Work request: Everything from the line with "2001 LEXUS IS300 VIN: JTHBD182810031599" to the final line of the entries, both included, should be restated word for word; please omit the pictures.

(Beginning of Data in this exercise)

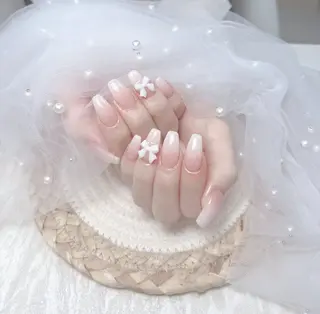 ネイル uu ネイルサロン関内🌼のネイルデザイン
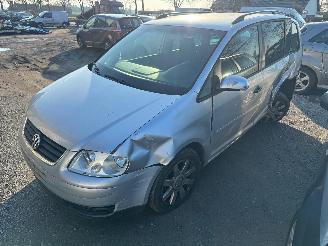Vaurioauto  passenger cars Volkswagen Touran  2006/6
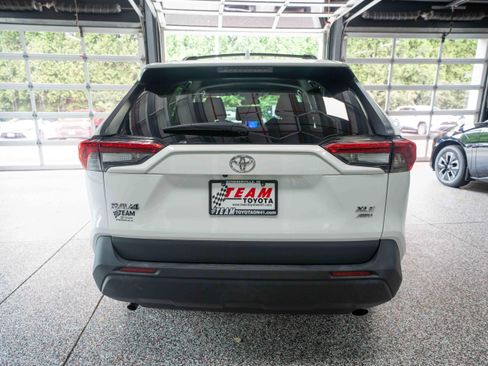 Used 2023 Toyota RAV4 XLE AWD/4WD image 3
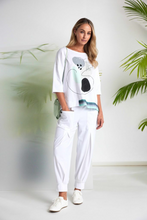 Load image into Gallery viewer, Cuff Trousers black or white with Inverted Pleat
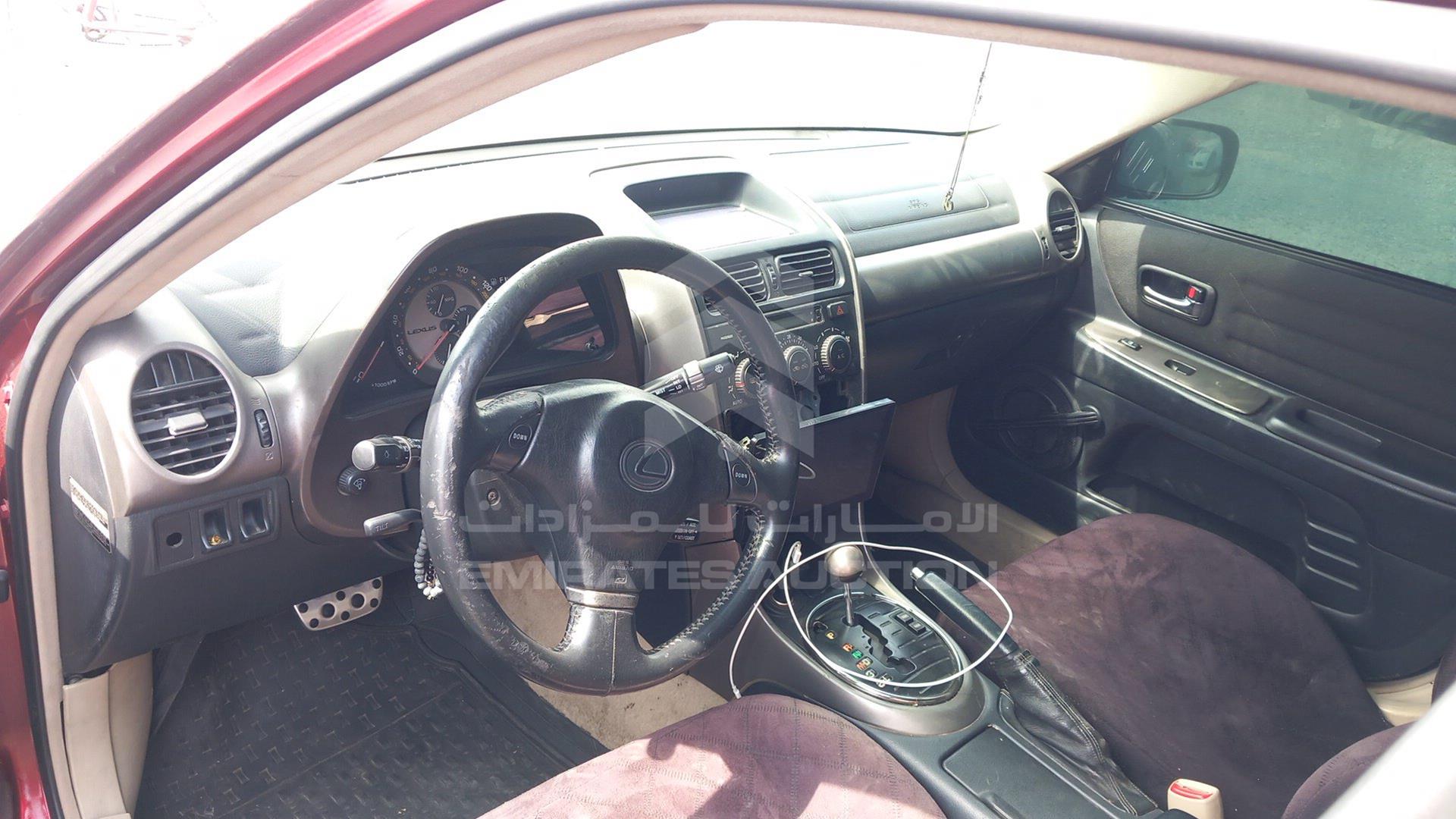 2001 LEXUS IS300 VIN: JTHBD182810031599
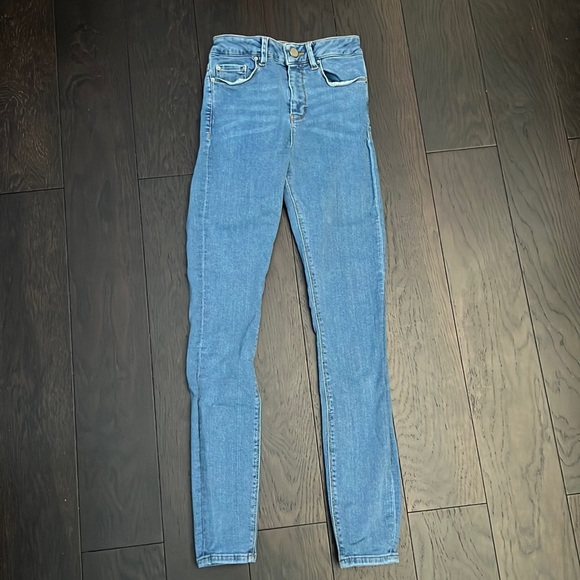 ASOS RIDLEY Skinny Jeans in Midwash Blue/ W 25 L 30 - Picture 1 of 2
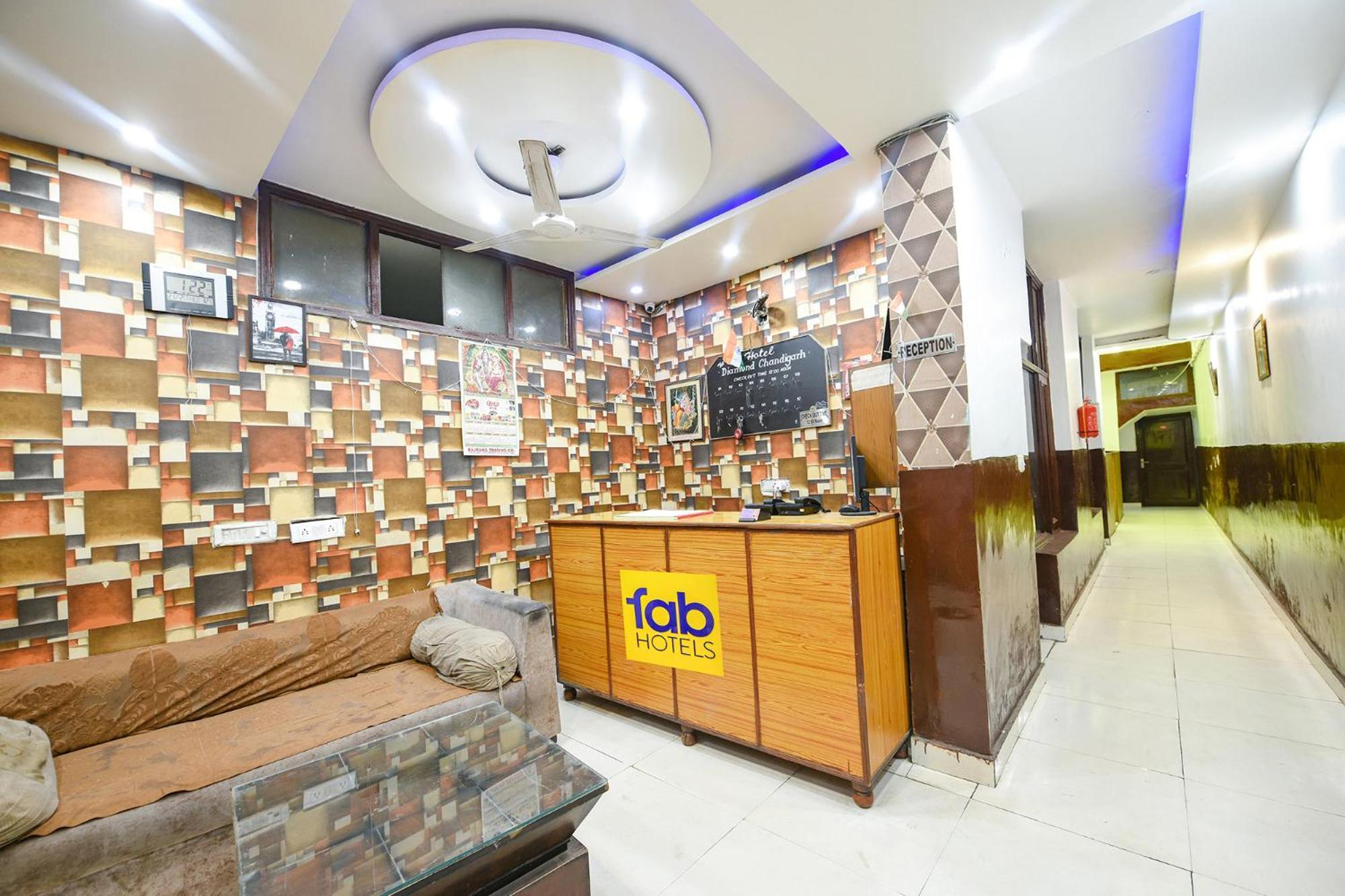 Fabexpress Diamond Sec 45 Hotel Chandigarh Exterior photo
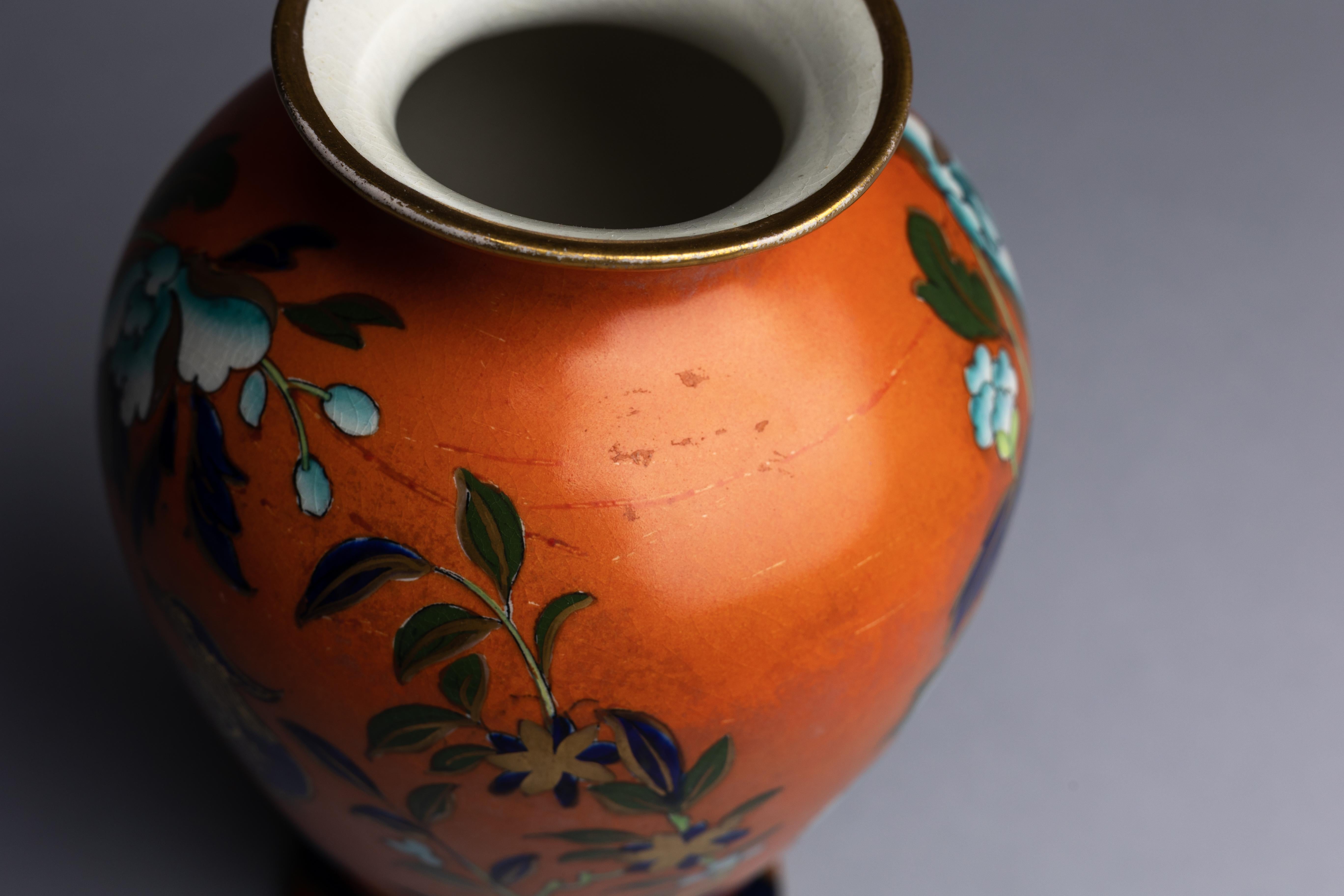 Hand-Painted Mason's Ashworth Orange Ironstone 'Pheasant' Baluster Vase For Sale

(End of Data in this exercise)

Task result:
 2001 LEXUS IS300 VIN: JTHBD182810031599
 ASOS RIDLEY Skinny Jeans in Midwash Blue/ W 25 L 30 - Picture 1 of 2
 Fabexpress Diamond Sec 45 Hotel Chandigarh Exterior photo
 Hand-Painted Mason's Ashworth Orange Ironstone 'Pheasant' Baluster Vase For Sale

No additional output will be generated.